Dikutip dari kantor berita Tasnim, pihak Garda Revolusi mengatakan, “Tiga kapal kargo dari berbagai negara mencoba bergerak menuju jalur yang ditentukan di Selat Hormuz untuk melintas dengan izin.” Namun, upaya tersebut disebut dilakukan berdasarkan klaim “menyesatkan” dari Presiden AS Donald Trump terkait pembukaan selat.

“Kapal-kapal tersebut telah diperingatkan oleh angkatan laut Garda Revolusi dan dipaksa kembali,” tambah pernyataan itu.

Seruan Penyelesaian Cepat

Di sisi lain, Inggris melalui Menteri Luar Negeri Yvette Cooper menyerukan penyelesaian cepat terhadap konflik yang sedang berlangsung. Ia menuduh Teheran “menyandera ekonomi global” dengan menutup jalur vital perdagangan dunia tersebut.

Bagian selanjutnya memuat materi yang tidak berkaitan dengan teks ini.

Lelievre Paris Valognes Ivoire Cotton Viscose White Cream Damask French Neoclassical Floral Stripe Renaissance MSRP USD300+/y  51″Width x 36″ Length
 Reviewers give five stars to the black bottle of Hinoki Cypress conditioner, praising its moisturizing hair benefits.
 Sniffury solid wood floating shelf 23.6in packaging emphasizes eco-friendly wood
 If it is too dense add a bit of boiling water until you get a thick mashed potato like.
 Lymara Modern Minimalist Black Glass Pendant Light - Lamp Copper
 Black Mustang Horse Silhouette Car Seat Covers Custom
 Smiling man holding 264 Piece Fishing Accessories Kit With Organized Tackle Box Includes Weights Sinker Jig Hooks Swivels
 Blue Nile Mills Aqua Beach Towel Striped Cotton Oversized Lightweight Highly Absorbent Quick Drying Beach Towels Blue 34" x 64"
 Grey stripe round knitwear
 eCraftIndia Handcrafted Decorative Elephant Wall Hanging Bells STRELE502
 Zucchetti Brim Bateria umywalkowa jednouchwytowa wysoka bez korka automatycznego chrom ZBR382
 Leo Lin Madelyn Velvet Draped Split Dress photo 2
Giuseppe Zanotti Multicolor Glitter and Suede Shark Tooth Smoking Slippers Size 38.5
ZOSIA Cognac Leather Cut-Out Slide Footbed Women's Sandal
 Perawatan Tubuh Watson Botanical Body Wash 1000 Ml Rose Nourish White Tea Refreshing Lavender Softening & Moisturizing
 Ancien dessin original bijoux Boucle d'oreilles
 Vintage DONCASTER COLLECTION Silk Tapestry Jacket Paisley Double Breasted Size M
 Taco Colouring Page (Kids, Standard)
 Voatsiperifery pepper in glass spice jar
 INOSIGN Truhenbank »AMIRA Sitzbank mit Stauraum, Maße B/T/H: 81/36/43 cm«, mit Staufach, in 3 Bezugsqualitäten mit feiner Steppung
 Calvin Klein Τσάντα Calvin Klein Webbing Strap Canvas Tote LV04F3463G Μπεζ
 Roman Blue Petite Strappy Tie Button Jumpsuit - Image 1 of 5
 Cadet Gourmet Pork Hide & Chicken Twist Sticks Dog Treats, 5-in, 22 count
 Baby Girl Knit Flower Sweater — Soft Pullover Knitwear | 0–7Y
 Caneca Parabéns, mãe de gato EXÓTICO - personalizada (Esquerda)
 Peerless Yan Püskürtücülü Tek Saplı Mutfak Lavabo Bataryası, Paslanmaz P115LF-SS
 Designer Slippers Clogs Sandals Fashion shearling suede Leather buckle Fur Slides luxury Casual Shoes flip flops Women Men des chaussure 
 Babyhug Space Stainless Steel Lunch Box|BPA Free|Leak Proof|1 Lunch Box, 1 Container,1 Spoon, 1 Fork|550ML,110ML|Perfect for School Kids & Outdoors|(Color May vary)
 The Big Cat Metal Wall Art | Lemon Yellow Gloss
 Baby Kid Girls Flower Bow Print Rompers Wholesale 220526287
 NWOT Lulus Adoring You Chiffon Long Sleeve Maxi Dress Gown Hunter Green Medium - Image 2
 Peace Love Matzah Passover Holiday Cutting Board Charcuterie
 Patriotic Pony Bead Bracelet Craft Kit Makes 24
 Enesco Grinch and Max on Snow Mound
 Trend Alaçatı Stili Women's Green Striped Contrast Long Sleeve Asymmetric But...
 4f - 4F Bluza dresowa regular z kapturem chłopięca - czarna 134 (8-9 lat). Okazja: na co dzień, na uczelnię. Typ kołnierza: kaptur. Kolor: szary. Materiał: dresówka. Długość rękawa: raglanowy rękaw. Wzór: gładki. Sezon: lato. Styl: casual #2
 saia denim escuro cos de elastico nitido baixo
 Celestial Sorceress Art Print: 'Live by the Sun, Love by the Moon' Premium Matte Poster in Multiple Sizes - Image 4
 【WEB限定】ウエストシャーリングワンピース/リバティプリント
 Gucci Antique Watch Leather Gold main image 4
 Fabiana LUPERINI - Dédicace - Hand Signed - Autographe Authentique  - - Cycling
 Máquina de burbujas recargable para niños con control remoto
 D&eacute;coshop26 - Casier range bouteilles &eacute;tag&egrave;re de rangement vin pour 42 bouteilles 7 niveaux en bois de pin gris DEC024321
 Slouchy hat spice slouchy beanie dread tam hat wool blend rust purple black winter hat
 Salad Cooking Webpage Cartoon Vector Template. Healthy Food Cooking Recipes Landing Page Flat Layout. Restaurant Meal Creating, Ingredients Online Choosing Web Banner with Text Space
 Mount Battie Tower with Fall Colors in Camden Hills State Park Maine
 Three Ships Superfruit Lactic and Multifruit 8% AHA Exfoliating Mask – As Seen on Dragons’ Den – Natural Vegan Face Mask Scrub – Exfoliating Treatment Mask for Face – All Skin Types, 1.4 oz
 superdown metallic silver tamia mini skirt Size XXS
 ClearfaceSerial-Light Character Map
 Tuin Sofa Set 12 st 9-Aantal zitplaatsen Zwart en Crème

Dalam pertemuan tingkat menteri negara-negara G7 di Prancis, Cooper menyatakan, “Kami dengan jelas ingin melihat penyelesaian cepat atas konflik ini guna memulihkan stabilitas kawasan.”

Ia menambahkan bahwa dunia tidak bisa membiarkan Iran mengganggu jalur pelayaran internasional melalui Selat Hormuz yang sangat vital bagi perdagangan global.

Kapal China Berbalik Arah

Sementara itu, laporan menyebutkan dua kapal kontainer besar yang terkait dengan perusahaan pelayaran milik pemerintah China, COSCO, sempat mencoba keluar dari Teluk melalui Selat Hormuz sebelum akhirnya berbalik arah secara mendadak.

Data pelacakan kapal yang dihimpun Bloomberg menunjukkan kedua kapal tersebut berbalik di dekat Pulau Larak dan Qeshm, dekat pintu keluar Selat Hormuz, sebelum mengubah arah ke timur laut di lepas pantai Dubai.

Ratusan Kapal Menunggu

Sebelumnya, kantor berita Fars melaporkan lebih dari 350 kapal tanker minyak dan gas saat ini menunggu izin dari Teheran untuk melintas di Selat Hormuz. Iran bahkan disebut meminta kapal-kapal tersebut untuk mematikan sistem pelacakan mereka dan tetap menunggu.

Data dari organisasi maritim internasional menunjukkan sekitar 20.000 pelaut di atas hampir 3.200 kapal kini terjebak di wilayah barat Selat Hormuz sejak penutupan diumumkan.

Selain itu, sedikitnya 21 kapal dilaporkan mengalami serangan atau ancaman sejak konflik dimulai.

Menurut laporan tersebut, kapal-kapal yang tertahan terdiri dari 25 tanker minyak raksasa, sekitar 200 tanker minyak biasa, serta 70 kapal pengangkut gas alam.

Klaim Berbeda dari Trump

Di tengah ketegangan ini, Presiden AS Donald Trump sebelumnya mengklaim bahwa Iran tengah mempertimbangkan untuk mengizinkan sebagian kapal tanker melintas sebagai “isyarat niat baik” dalam perundingan yang bertujuan mengakhiri konflik.

Namun, pernyataan terbaru dari Garda Revolusi menunjukkan sikap yang berseberangan dengan klaim tersebut.